You should carefully read the entire Prospectus before investing in our common stock. You should also review the information set forth under the “Risk Factors” section beginning on page 22 of the Base Prospectus.
The terms “OFS Credit,” the “Company,” “we,” “us” and “our” generally refer to OFS Credit Company, Inc.
PRIOR SALES PURSUANT TO THE “AT THE MARKET” OFFERING
From January 24, 2020 to May 14, 2025, we sold a total of 16,872,696 shares of common stock at a weighted average price of $8.57 per share under the Equity Distribution Agreement (the “At-the-Market Offering”). The net proceeds as a result of these sales of common stock were approximately $142.9 million after deducting commissions and fees.
Pursuant to Amendment No. 2 to the Equity Distribution Agreement, the aggregate offering price of the At-the-Market Offering was increased to up to $50.0 million. Pursuant to Amendment No. 4 to the Equity Distribution Agreement, the aggregate offering price of the At-the-Market offering was increased to up to $70.0 million. Pursuant to Amendment No. 5 to the Equity Distribution Agreement, the aggregate offering price of the At-the-Market offering was increased to up to $130.0 million. Pursuant to Amendment No. 6 to the Equity Distribution Agreement, the aggregate offering price of the At-the-Market offering was increased to up to $150.0 million.
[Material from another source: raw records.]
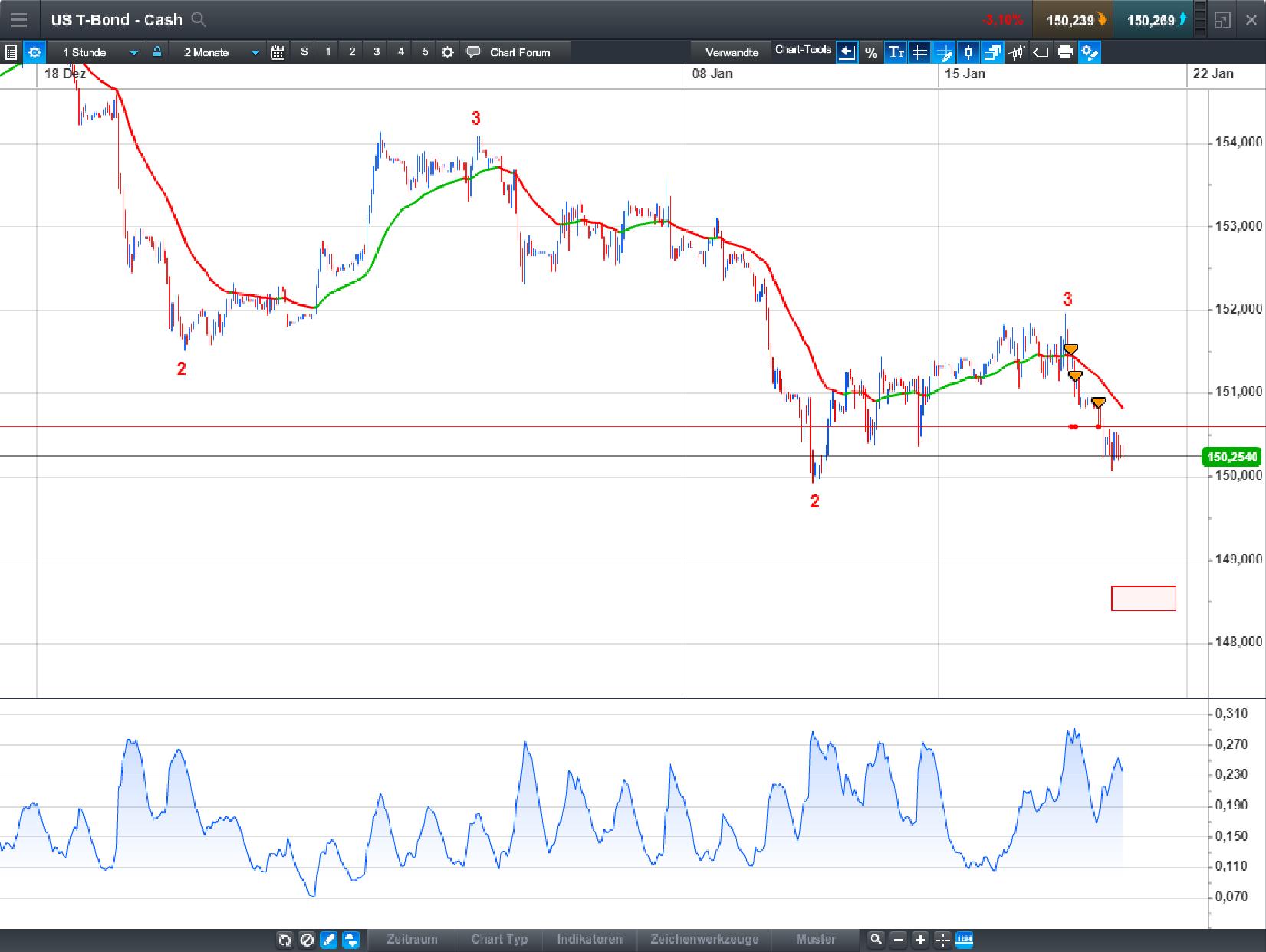 Endlich erfolgreiches Trading mit Rohstoffen 1035807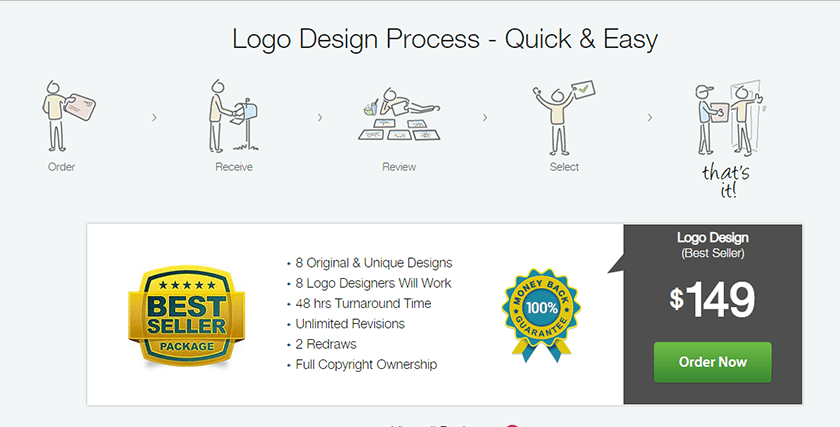 Logo-Design-Team-easeof-use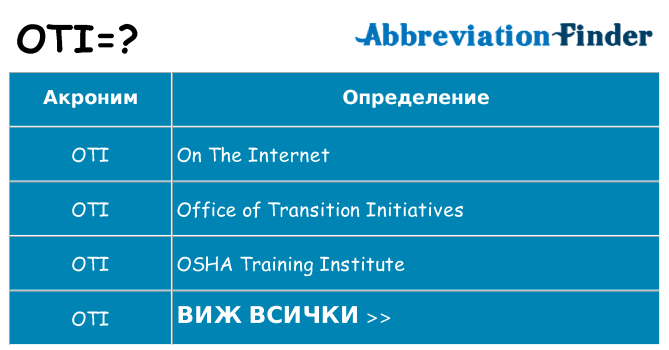 Какво прави oti престои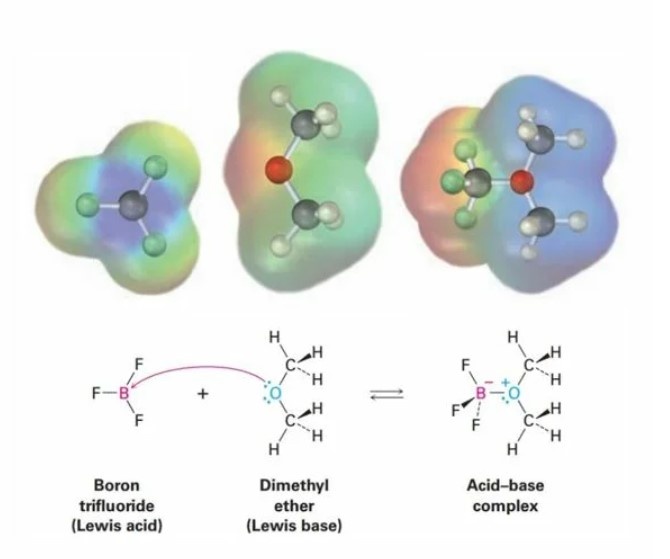 Взаимодействие кислот и оснований по Льюису.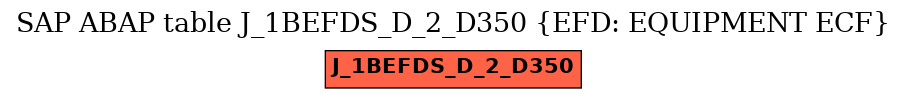 E-R Diagram for table J_1BEFDS_D_2_D350 (EFD: EQUIPMENT ECF)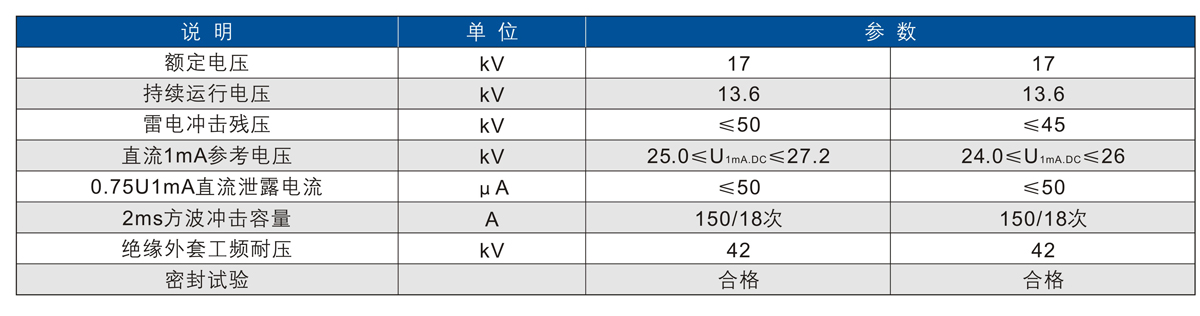 香港六和全年资料大全
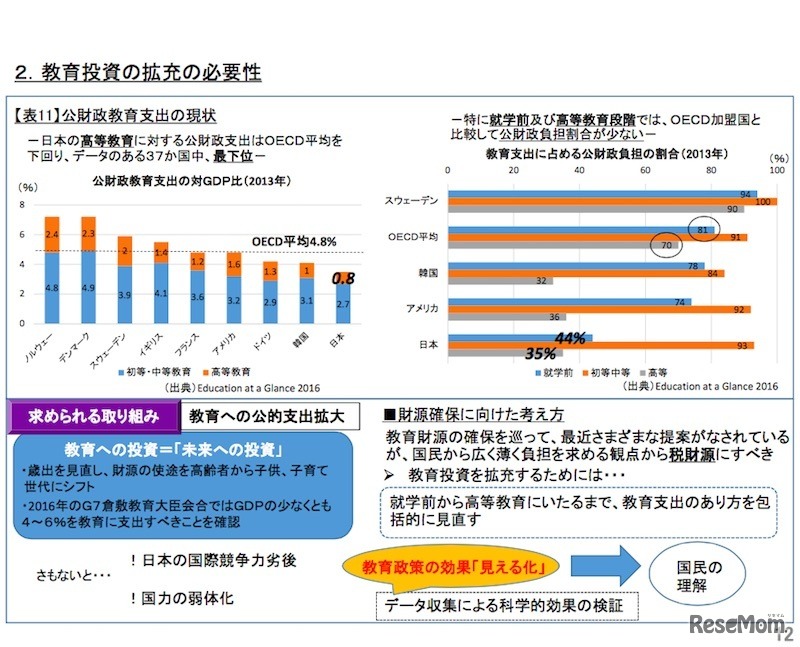 教育投資の拡充の必要性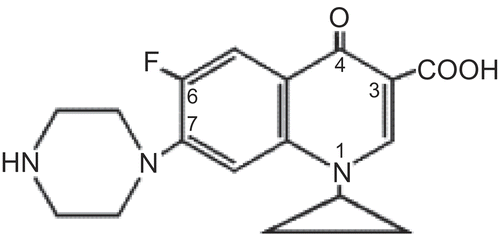 Scheme 1.  Chemical structure of ciprofloxacin.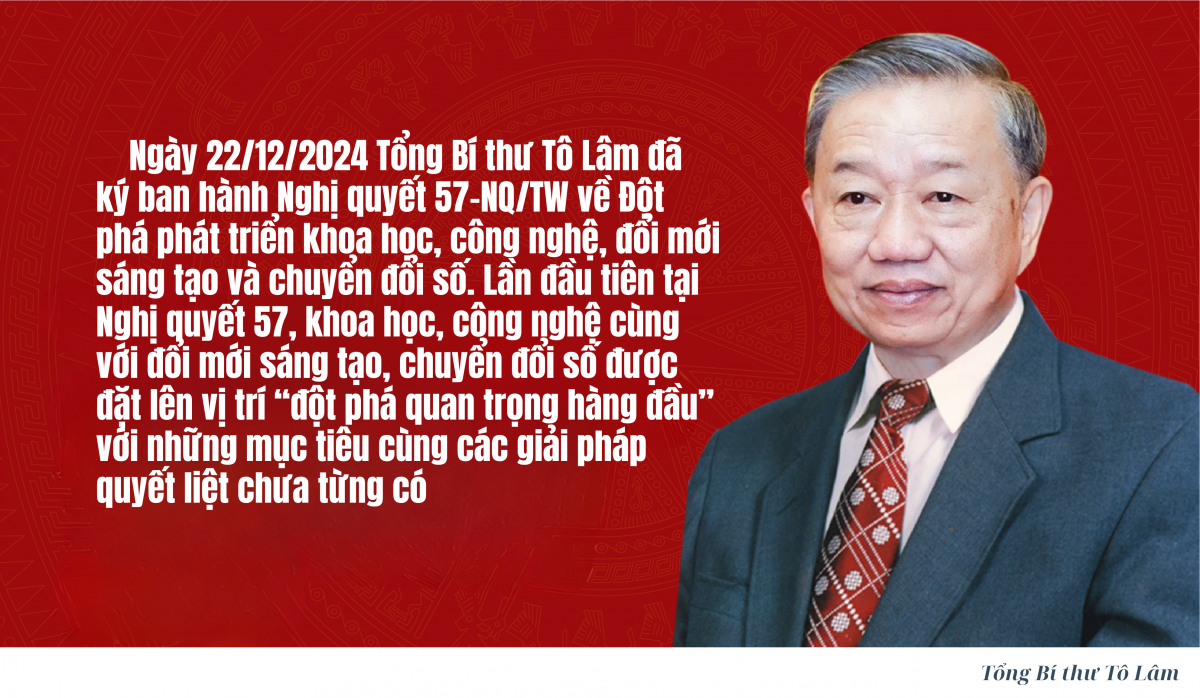 Luận điểm của Mác: “Khoa học trở thành lực lượng sản xuất trực tiếp” và kỷ nguyên vươn mình của dân tộc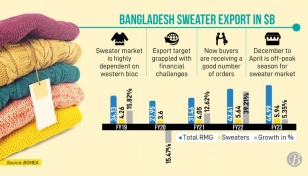 Sweater exports see only 5.35% growth in FY23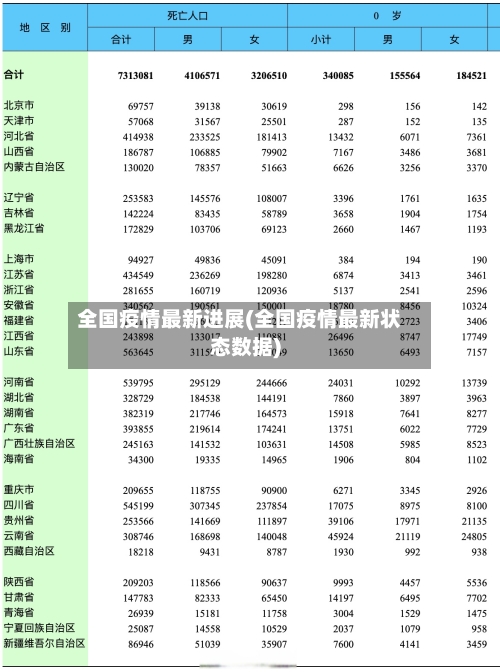 全国疫情最新进展(全国疫情最新状态数据)-第3张图片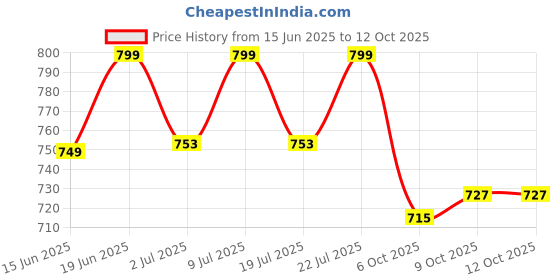 amazon.in Campus Men Crunch Running Shoes campus Price History Graph from 15 Jun 2025 to 12 Oct 2025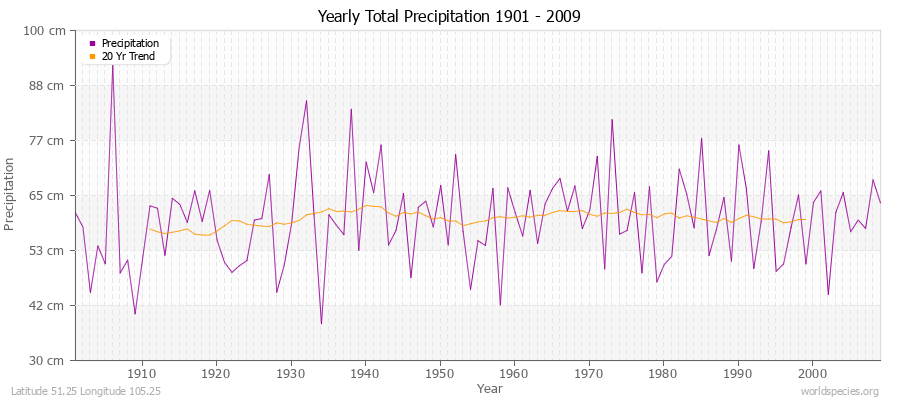 Yearly Total Precipitation 1901 - 2009 (Metric) Latitude 51.25 Longitude 105.25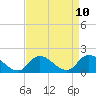 Buchanan Creek entrance tide chart for Thursday, April 10, 2025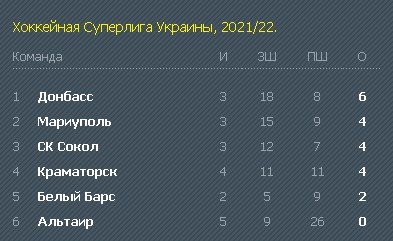 Турнирная таблица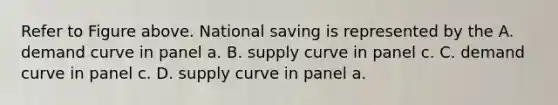 Refer to Figure above. National saving is represented by the A. demand curve in panel a. B. supply curve in panel c. C. demand curve in panel c. D. supply curve in panel a.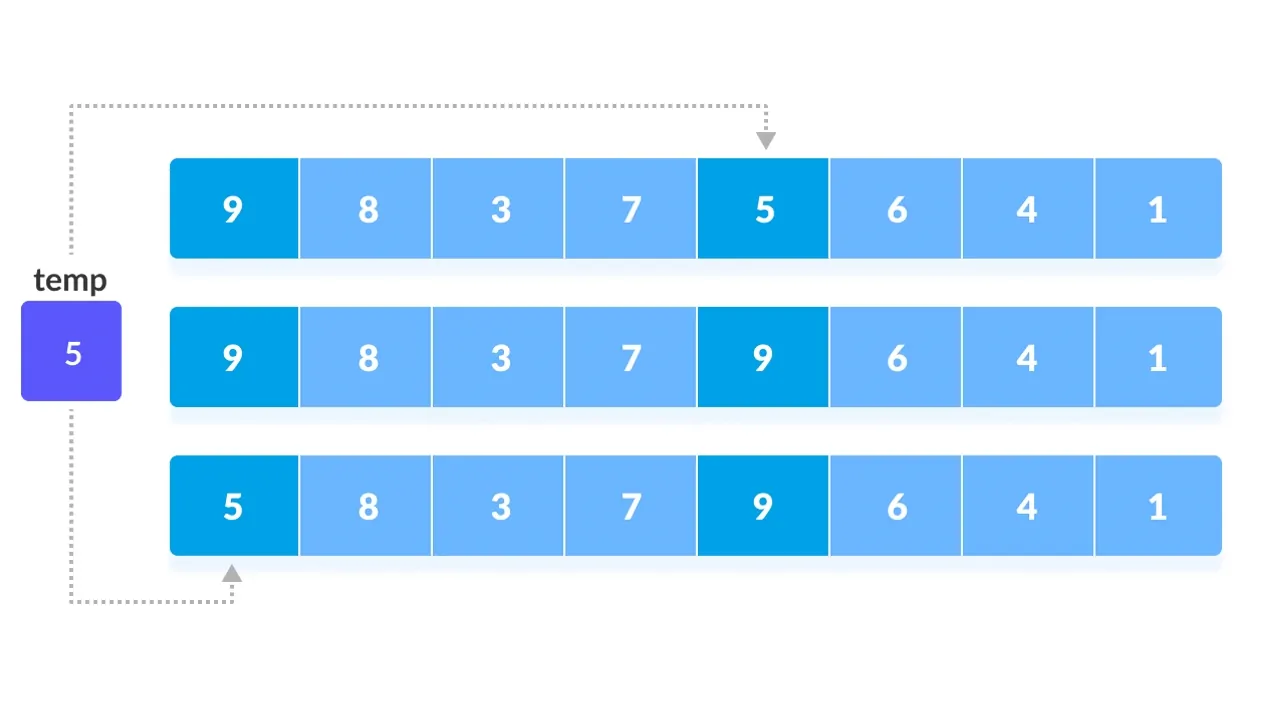 مرتب سازی شل (Shell Sort) — به زبان ساده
Pursuant to Amendment No. 7 to the Equity Distribution Agreement, the aggregate offering price of the At-the-Market offering was increased to up to $200.0 million (which amount includes all of the shares previously sold pursuant to the Equity Distribution Agreement to date).




RECENT DEVELOPMENTS
 
April 2025 Financial Update
On May 15, 2025, we announced management’s preliminary estimates of certain financial results for the fiscal quarter ended April 30, 2025.

PRELIMINARY ESTIMATES OF CERTAIN FINANCIAL RESULTS
Management’s unaudited estimate of the range of our net asset value per share of our common stock at April 30, 2025 is between $6.12 and $6.22.
Management’s unaudited estimate of the range of our net investment income per share of our common stock for the quarter ended April 30, 2025 is between $0.19 and $0.23.
As of April 30, 2025, we had $115.9 million of term preferred stock outstanding.
These unaudited estimates are subject to the completion of our quarter-end financial closing procedures and are not a comprehensive statement of our financial position, results of operations, or cash flows for the quarter ended April 30, 2025. These estimates did not undergo the Company’s typical quarter-end financial closing procedures. We advise you that the final determination of our financial results for the quarter ended April 30, 2025, which will be reported in our Semi-Annual Report on Form N-CSRS, may differ from these estimates.
Our financial condition, including the fair value of our portfolio investments, and results of operations may be materially impacted after April 30, 2025 by circumstances and events that are not yet known. To the extent our portfolio investments are adversely impacted by interest rate and inflation rate changes, the ongoing war between Russia and Ukraine, the agenda of the new U.S. Presidential administration, including the impact of tariff enactment and tax reductions, instability in the U.S. and international banking systems, the risk of recession or a shutdown of U.S. government services and related market volatility, or by other factors, we may experience a material adverse impact on our future net asset value, net investment income, the underlying value of our investments, our financial condition and the financial condition of our portfolio investments.
The preliminary financial data included in this April 2025 Financial Update has been prepared by, and is the responsibility of, OFS Credit’s management. KPMG LLP has not audited, reviewed, compiled, or applied agreed-upon procedures with respect to the preliminary financial data. Accordingly, KPMG LLP does not express an opinion or any other form of assurance with respect thereto.